[[ Exercise material open ]]

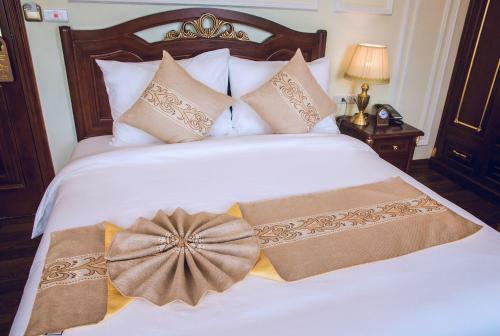 Th�i H� Luxury Hotel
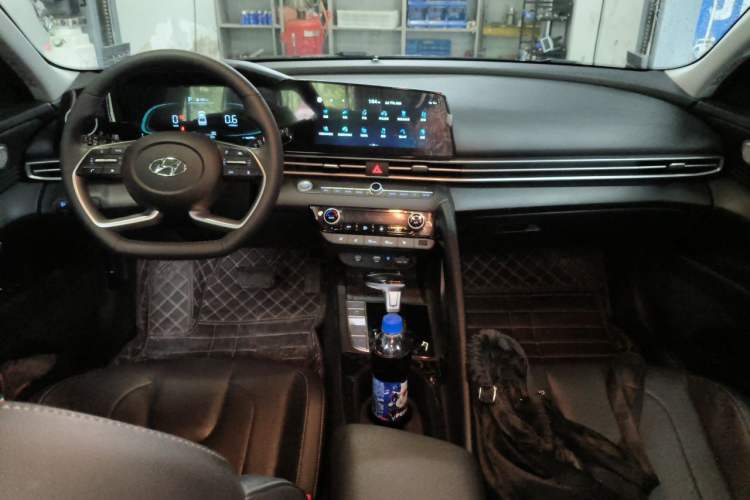 Used Hyundai Elantra 2023 1.5L CVT LUX Prestige Edition Center Console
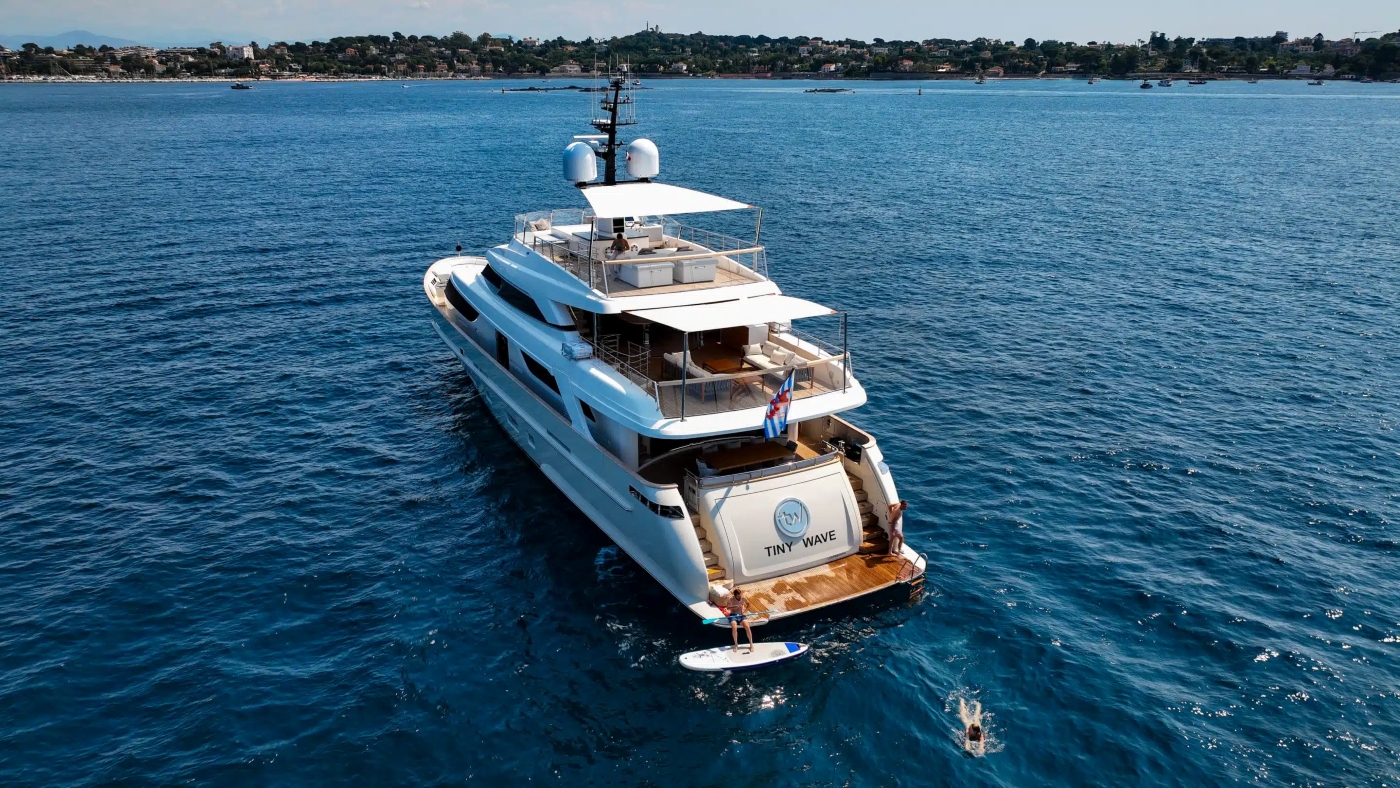 Luxury Yacht TINY WAVE.jpg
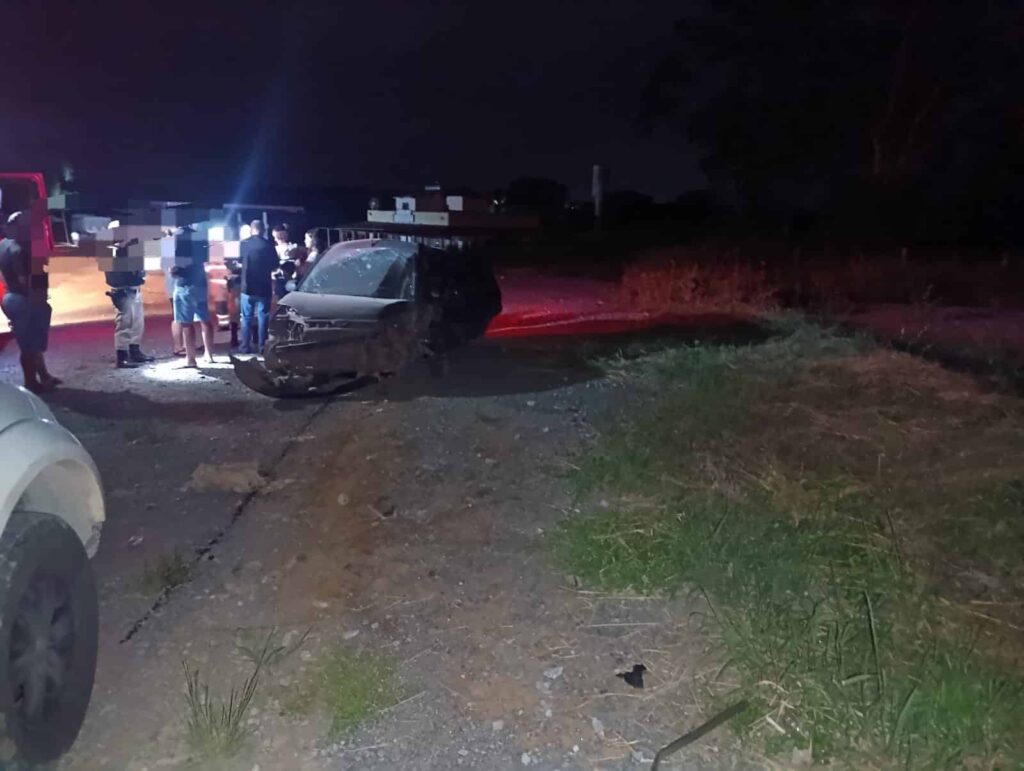 colisao-entre-automovel-e-carreta-deixa-vitima-em-estado-grave-na-mg-170-em-arcos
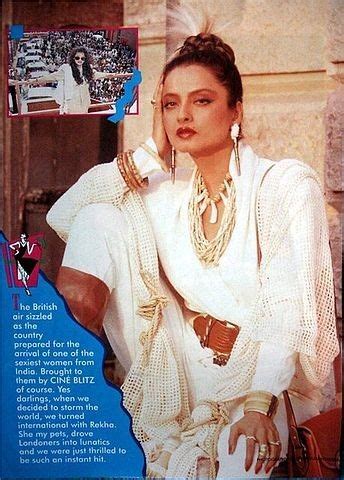 Pin by Rekha __Bollywood on Rekha | Vintage photography women ...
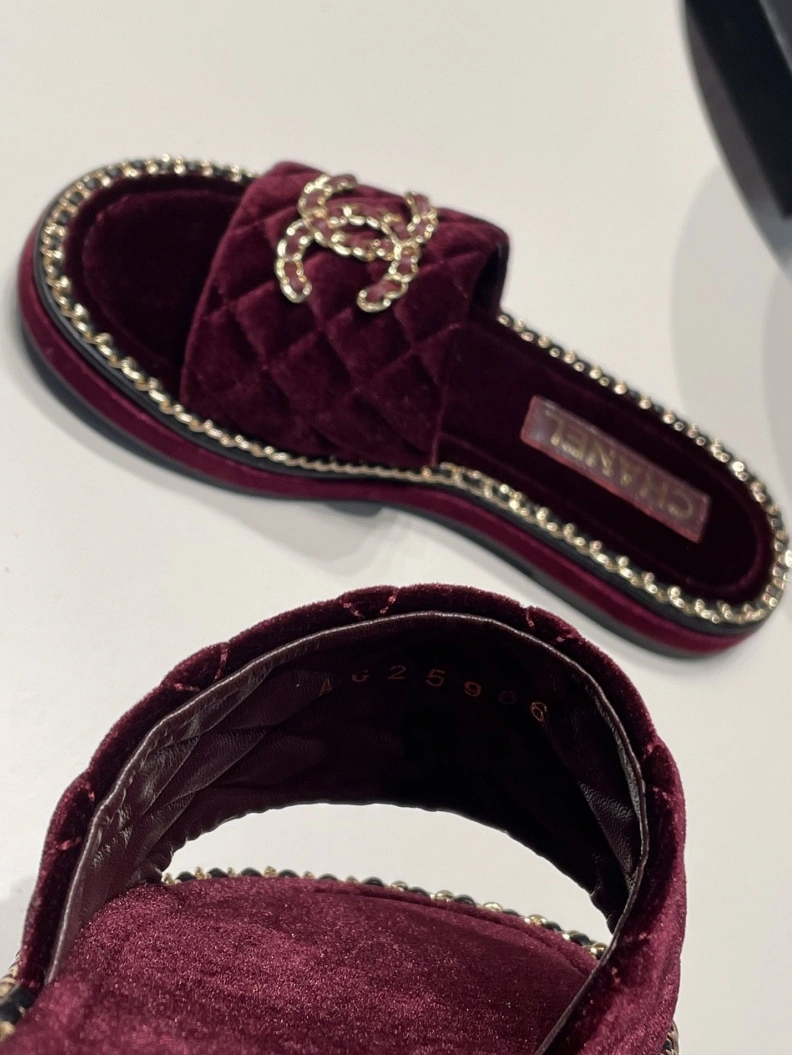 Reliable Chxnxl Slippers 120035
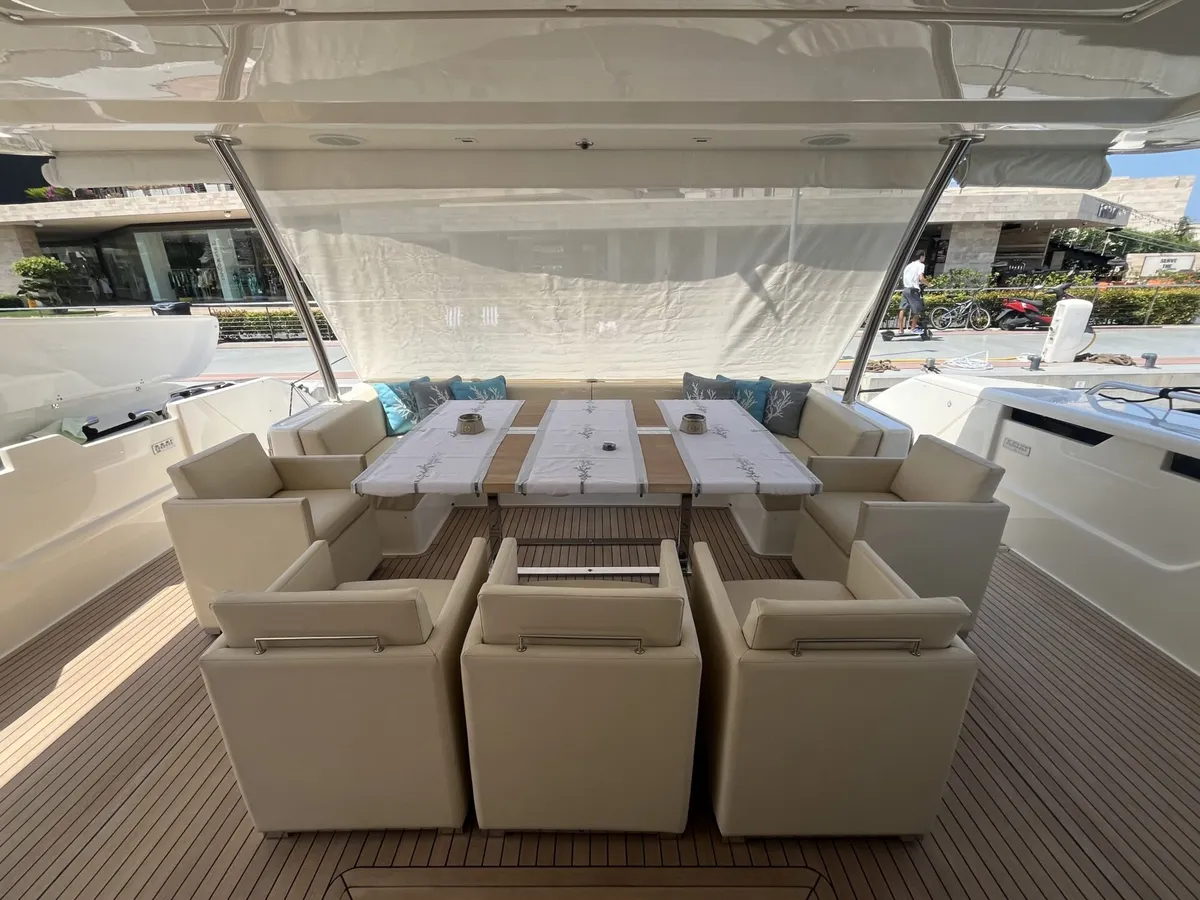 White Swan — Exterior photo 7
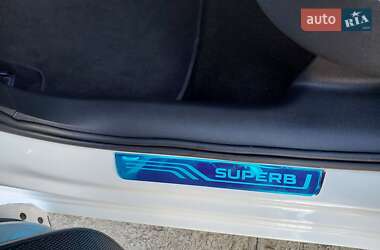 Ліфтбек Skoda Superb 2019 в 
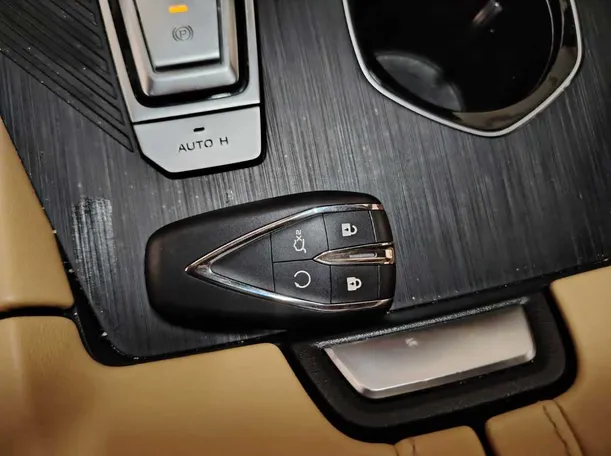 Car image 26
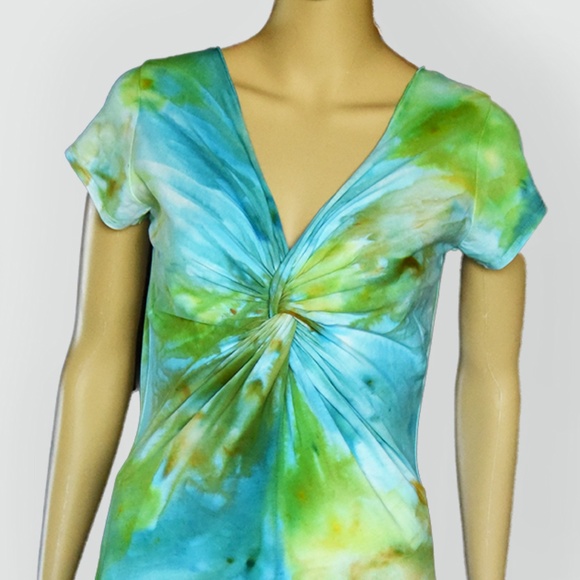 Tops - Blue Green Tie Dye Shirt - Twisted Front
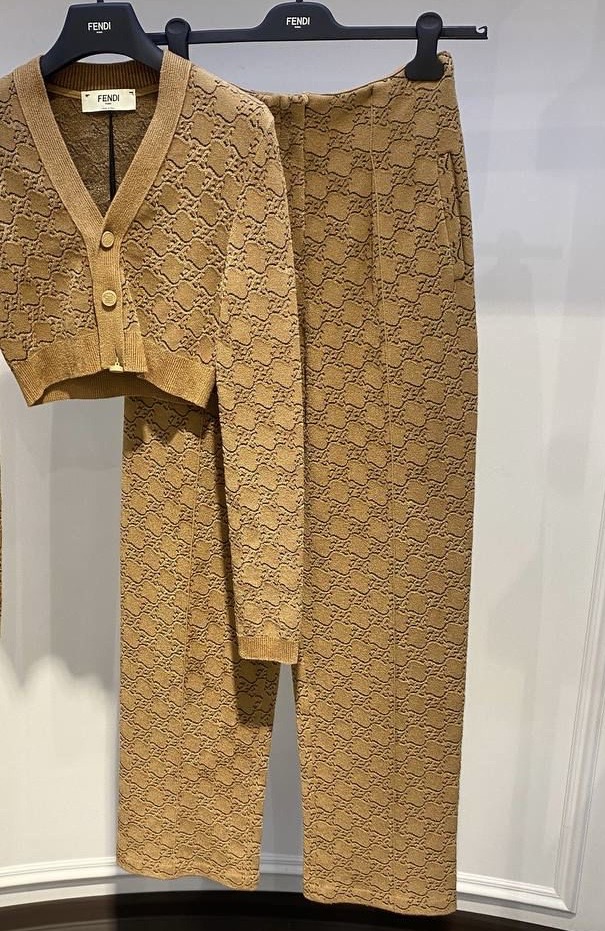 Брюки Fendi смотреть фото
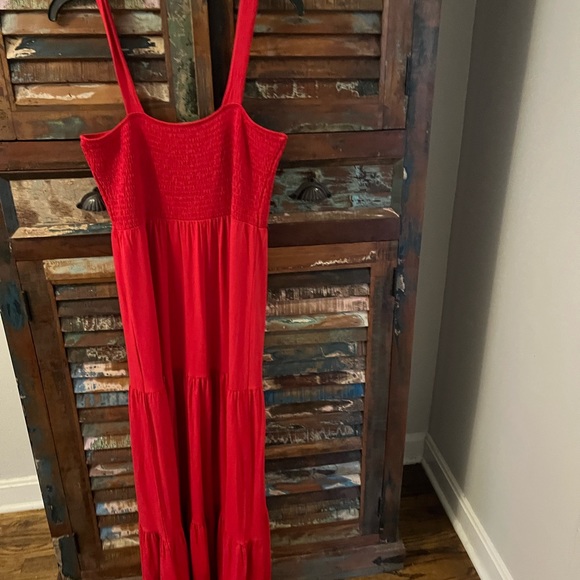 NWT Ann Taylor LOFT Red Smocked Maxi Dress Small Sleeveless - Picture 4 of 4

[[ Exercise material closed ]]

## Problem to solve:
A verbatim reproduction of each entry is expected, with every picture omitted.

## Output below:
 Th�i H� Luxury Hotel
 Used Hyundai Elantra 2023 1.5L CVT LUX Prestige Edition Center Console
 Luxury Yacht TINY WAVE.jpg
 colisao-entre-automovel-e-carreta-deixa-vitima-em-estado-grave-na-mg-170-em-arcos
 Pin by Rekha __Bollywood on Rekha | Vintage photography women ...
 Reliable Chxnxl Slippers 120035
 White Swan — Exterior photo 7
 Ліфтбек Skoda Superb 2019 в 
 Car image 26
 Tops - Blue Green Tie Dye Shirt - Twisted Front
 Брюки Fendi смотреть фото
 NWT Ann Taylor LOFT Red Smocked Maxi Dress Small Sleeveless - Picture 4 of 4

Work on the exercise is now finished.